After finding the line that holds "dog-tote-bag-dog-mom-lovers-owners-gifts-5.jpg" below, set down that line and the rest through the final one exactly, leaving the pictures out.
Information supplied Block Start
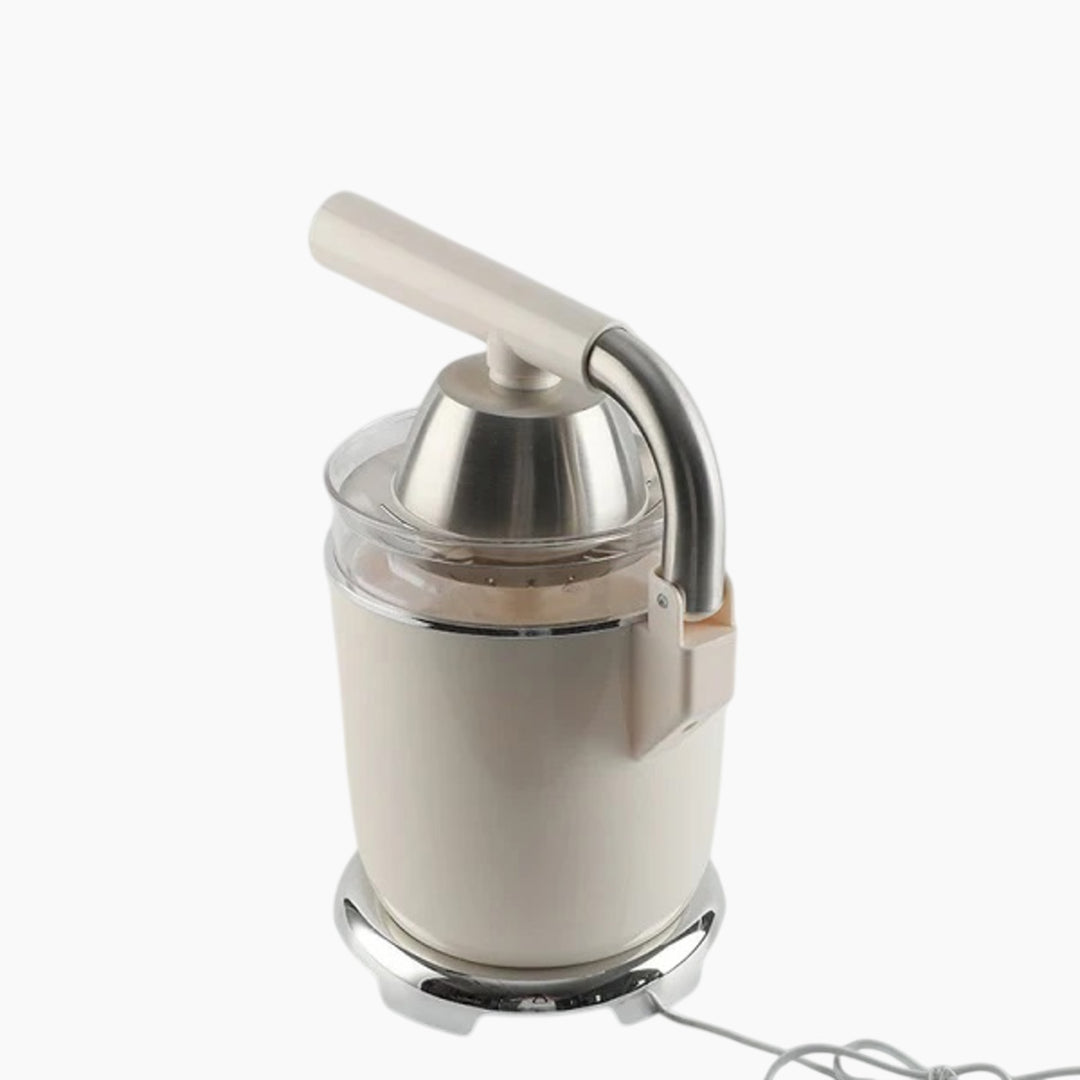 DSP Citrus &amp; Pomegranate Juicer, 350W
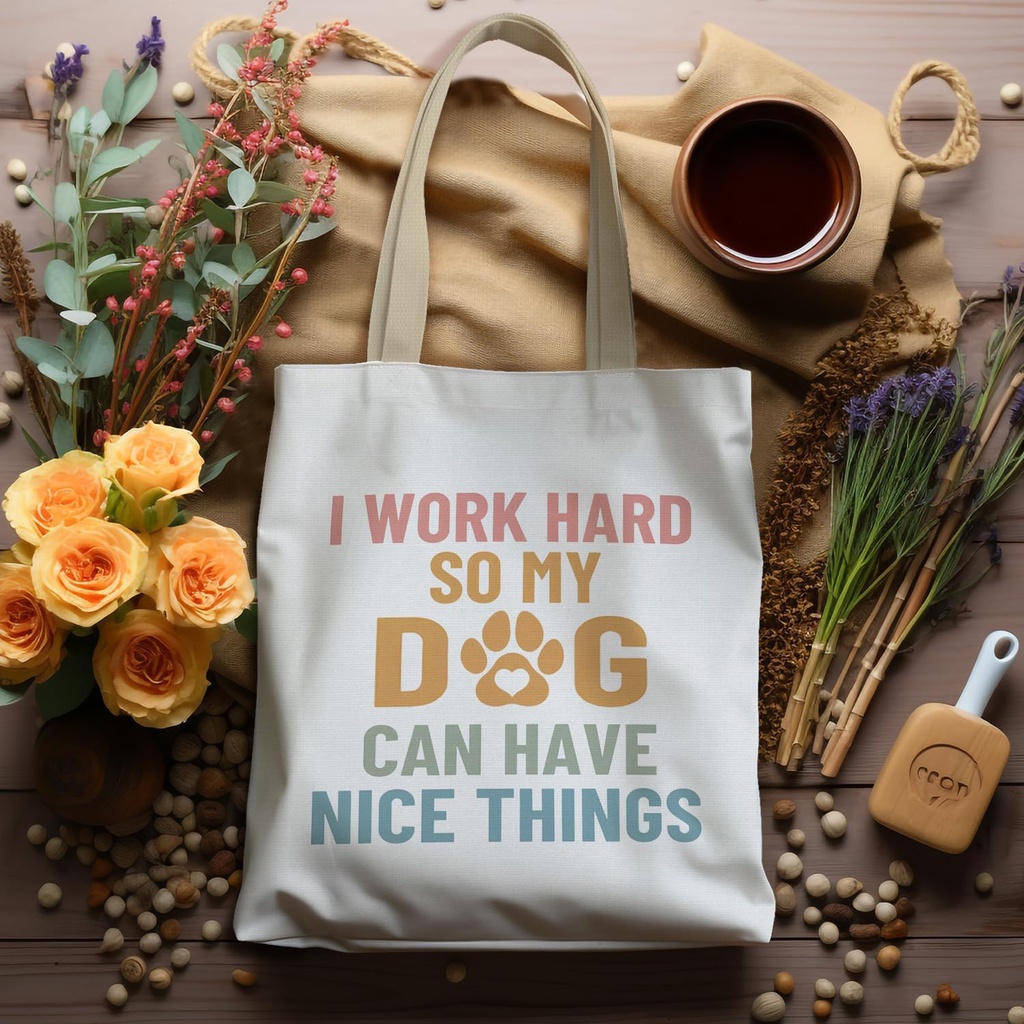 dog-tote-bag-dog-mom-lovers-owners-gifts-5.jpg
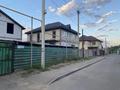 Часть дома · 11 комнат · 290 м² · 7 сот., мкр Шанырак-2 Сырым батыра 57 — Сырым батыра 57 за 68 млн ₸ в Алматы, Алатауский р-н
Information supplied Block End
Response below:
 dog-tote-bag-dog-mom-lovers-owners-gifts-5.jpg
 Часть дома · 11 комнат · 290 м² · 7 сот., мкр Шанырак-2 Сырым батыра 57 — Сырым батыра 57 за 68 млн ₸ в Алматы, Алатауский р-н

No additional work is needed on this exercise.